- IATA: none; ICAO: KEXX; FAA LID: EXX;

Summary
- Airport type: Public
- Owner: Davidson County Airport Authority
- Serves: Lexington, North Carolina
- Elevation AMSL: 733 ft (223 m)
- Coordinates: 35°46′52″N 080°18′14″W﻿ / ﻿35.78111°N 80.30389°W

Map
- EXX Location of airport in North Carolina

Runways
| Direction | Length |  | Surface |
| ft | m |
| 6/24 | 5,004 | 1,525 | Asphalt |

Statistics (2012)
- Aircraft operations: 9,000
- Based aircraft: 66
- Source: Federal Aviation Administration

= Davidson County Airport =

Davidson County Executive Airport is a public use airport in Davidson County, North Carolina, United States. It is owned by the Davidson County Airport Authority and located three nautical miles (6 km) southwest of the central business district of Lexington, North Carolina. It is included in the National Plan of Integrated Airport Systems for 2011–2015, which categorized it as a general aviation facility.

Although most U.S. airports use the same three-letter location identifier for the FAA and IATA, this airport is assigned EXX by the FAA, but has no designation from the IATA.

== Facilities and aircraft ==
Davidson County Executive Airport covers an area of 330 acres (133 ha) at an elevation of 733 feet (223 m) above mean sea level. It has one runway designated 6/24 with an asphalt surface measuring 5,004 by 100 feet (1,525 x 30 m).

For the 12-month period ending April 30, 2015, the airport had 19,000 aircraft operations, an average of 52 per day: 89% general aviation, 6% air taxi, and 6% military.
At that time there were 75 aircraft based at this airport: 66% single-engine, 20% multi-engine, 8% jet, and 6% helicopter.

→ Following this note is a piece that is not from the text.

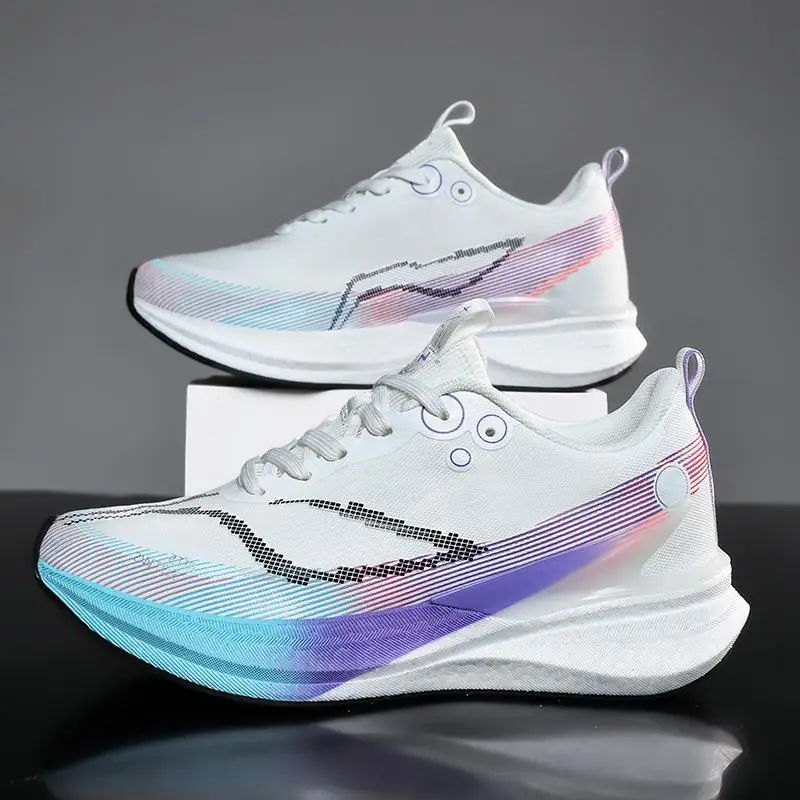 

2025 new men's sneakers,running shoes,jogging shoes,casual shoes Durable Soft Sole shock-absorbing Casual soft-soled unisex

The Davidson County Executive Airport offers complete aircraft maintenance from the onfield maintenance provider, https://skyaviationholdings.com/aircraft-maintenance/.

== Incidents ==
On October 23, 2011, a Cozy MK IV aircraft crashed on approach to the airport, resulting in the death of the pilot and an injury to the passenger.

On June 25, 2018, a Stearman Biplane flipped on landing coming to rest upside down on the runway, resulting in minor injuries to both the pilot and a child passenger.